June 21, 2011 / 8:38 AM / 7 years ago

Q+A: Row casts cloud over Cambodia's Khmer Rouge tribunal

BANGKOK (Reuters) - The United Nations-backed court trying those “most responsible” for the deaths of an estimated 1.7 million Cambodians under the 1970s Khmer Rogue regime is embroiled in controversy in the run up to its most high-profile case next week.

Several court staff have resigned in recent weeks following a decision by co-investigating judges not to indict a third case despite what prosecutors say is strong evidence implicating more former Khmer Rouge cadres in atrocities.

Below are some questions and answers about the Extraordinary Chambers in the Courts of Cambodia (ECCC).

WHO HAS BEEN INDICTED OR CONVICTED SO FAR?

Kaing Guek Eav, better known as Duch, was last year found guilty of war crimes and crimes against humanity over his role in the deaths of more than 14,000 people at a torture center he ran during the 1975-79 Khmer Rouge era.
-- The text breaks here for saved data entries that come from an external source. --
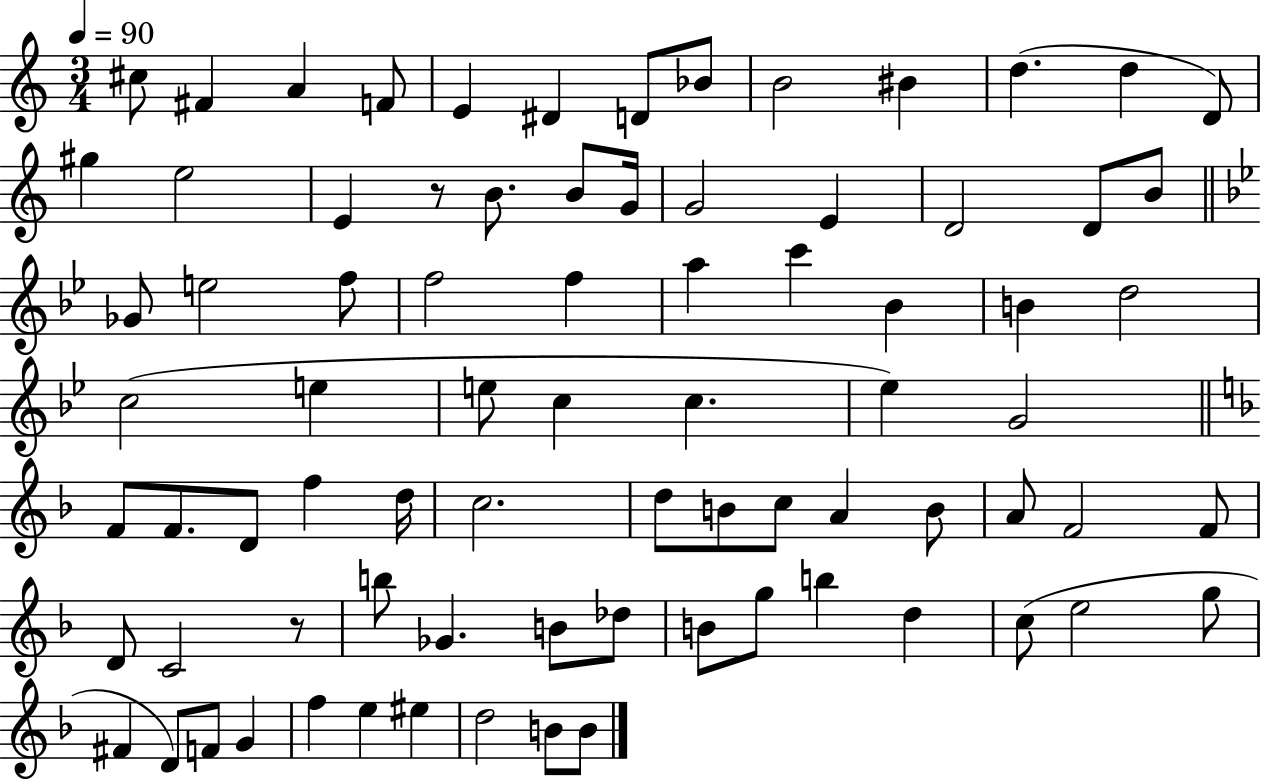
{
  \clef treble
  \numericTimeSignature
  \time 3/4
  \key c \major
  \tempo 4 = 90
  cis''8 fis'4 a'4 f'8 | e'4 dis'4 d'8 bes'8 | b'2 bis'4 | d''4.( d''4 d'8) | \break gis''4 e''2 | e'4 r8 b'8. b'8 g'16 | g'2 e'4 | d'2 d'8 b'8 | \break \bar "||" \break \key bes \major ges'8 e''2 f''8 | f''2 f''4 | a''4 c'''4 bes'4 | b'4 d''2 | \break c''2( e''4 | e''8 c''4 c''4. | ees''4) g'2 | \bar "||" \break \key d \minor f'8 f'8. d'8 f''4 d''16 | c''2. | d''8 b'8 c''8 a'4 b'8 | a'8 f'2 f'8 | \break d'8 c'2 r8 | b''8 ges'4. b'8 des''8 | b'8 g''8 b''4 d''4 | c''8( e''2 g''8 | \break fis'4 d'8) f'8 g'4 | f''4 e''4 eis''4 | d''2 b'8 b'8 | \bar "|."
}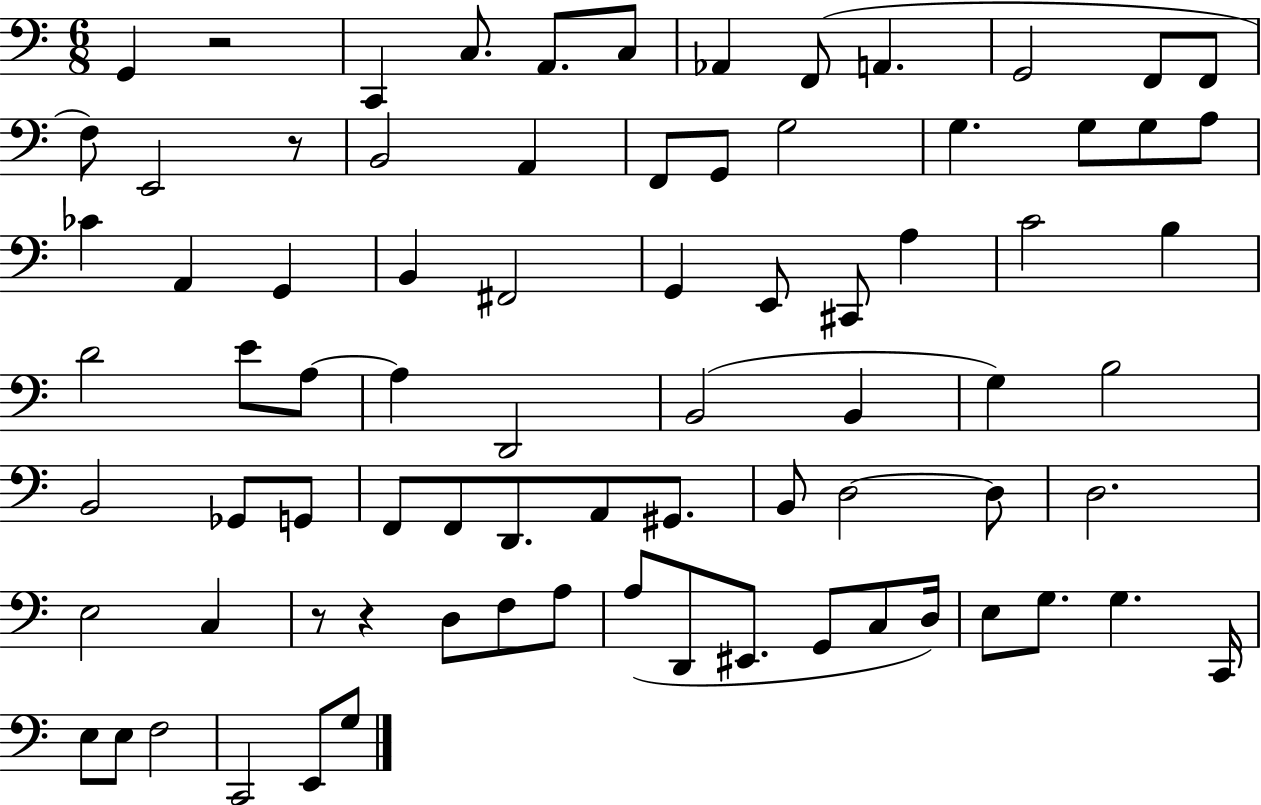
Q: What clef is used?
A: bass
He was sentenced to 35 years in prison, reduced to 19 years, and has appealed against the verdict.

The next case, 002, gets under way on Monday, with four infirm senior cadres facing various charges ranging from war crimes and crimes against humanity to murder and torture. Many Cambodians fear they will die before their case concludes.

The four are ex-president Khieu Samphan, former Foreign Minister Ieng Sary and his wife Ieng Thirith, a former Shakespeare scholar known as “the Khmer Rouge First Lady,” and “Brother Number Two” Nuon Chea, the right hand man of Pol Pot, the French-educated architect of the ultra-Maoist movement, who died in 1998.

WHAT IS THE CONTROVERSY SURROUNDING CASES 003?

The identity of the two individuals in case 003 has never been disclosed officially, but they are widely reported to be two senior military commanders of the regime who experts say could be responsible for thousands of deaths.

The Open Society Justice Initiative, an independent legal advocacy group, said there was sufficient evidence to bring cases 003 to trial and claimed two judges, one Cambodian and one foreign, were blocking the investigations. Although the cases are still technically open, there have been no closing orders leading to an indictment.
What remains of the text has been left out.